(PROVIDED DATA)
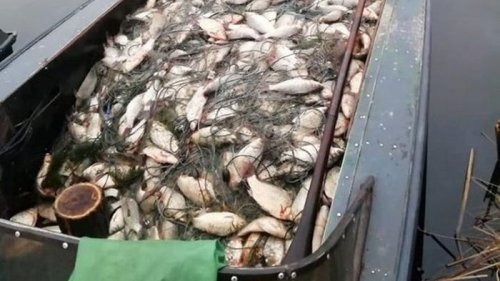 В Украине увеличили штрафы за незаконный лов рыбы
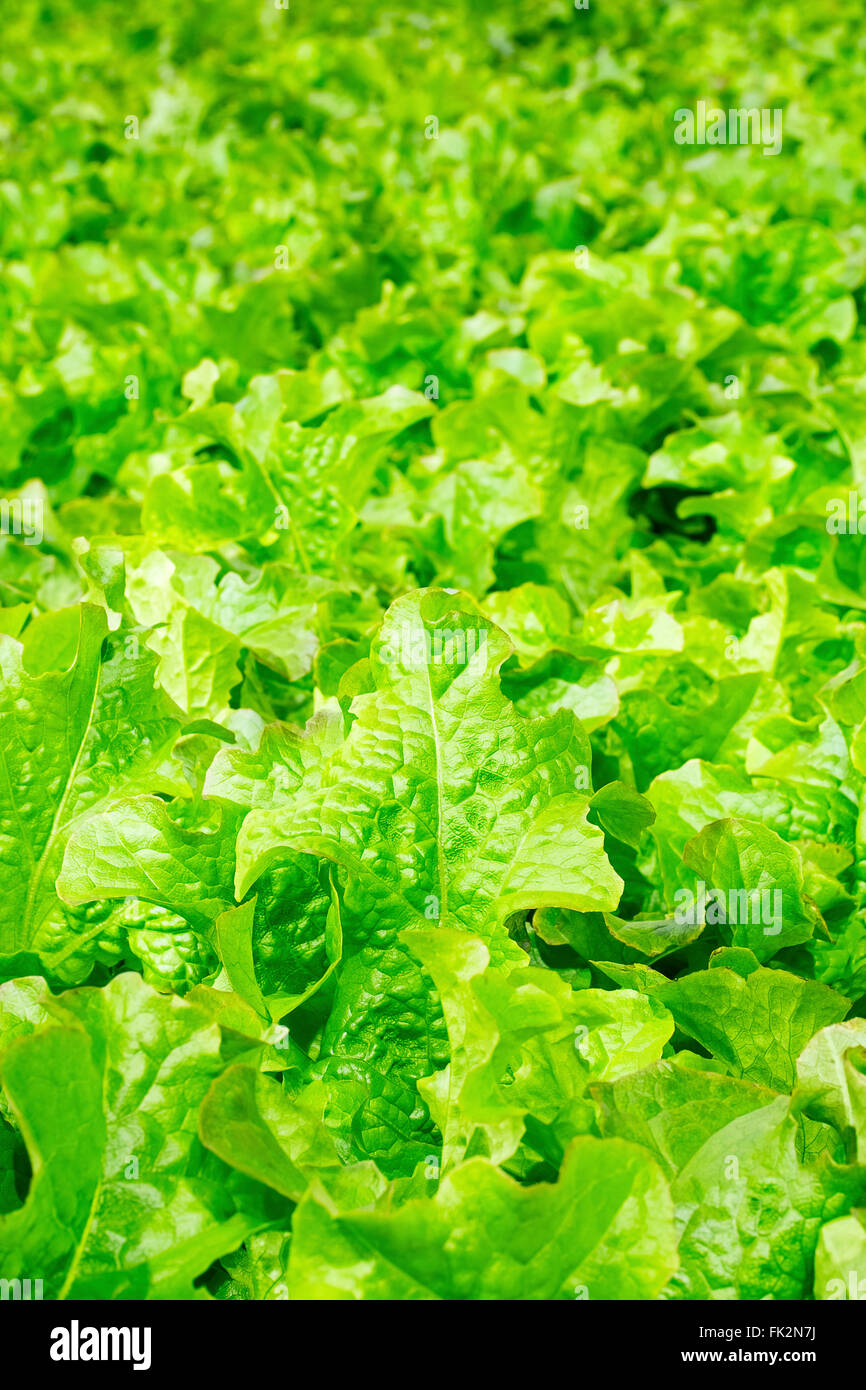 Background of fresh organic lettuce Stock Photo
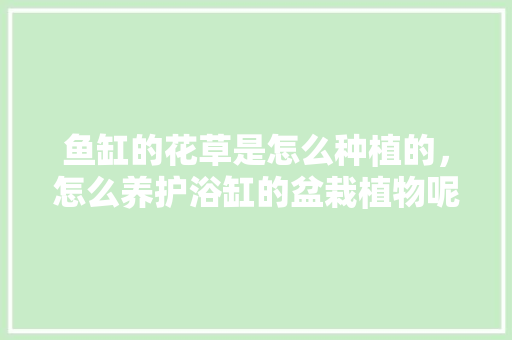 鱼缸的花草是怎么种植的，怎么养护浴缸的盆栽植物呢。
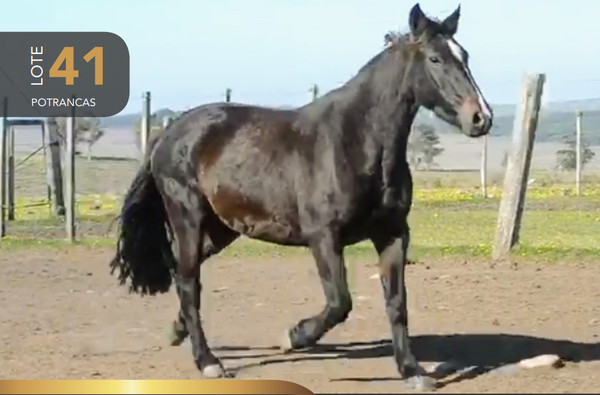 Lote Aquerenciada Lavanda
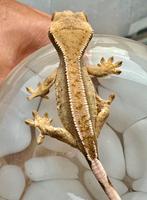 Wimpergekko 2025, Dieren en Toebehoren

(ASSIGNMENT)
Retype the listing above exactly, pictures excluded.

(OUTPUT OF THE EXERCISE)
 В Украине увеличили штрафы за незаконный лов рыбы
 Background of fresh organic lettuce Stock Photo
 鱼缸的花草是怎么种植的，怎么养护浴缸的盆栽植物呢。
 Lote Aquerenciada Lavanda
 Wimpergekko 2025, Dieren en Toebehoren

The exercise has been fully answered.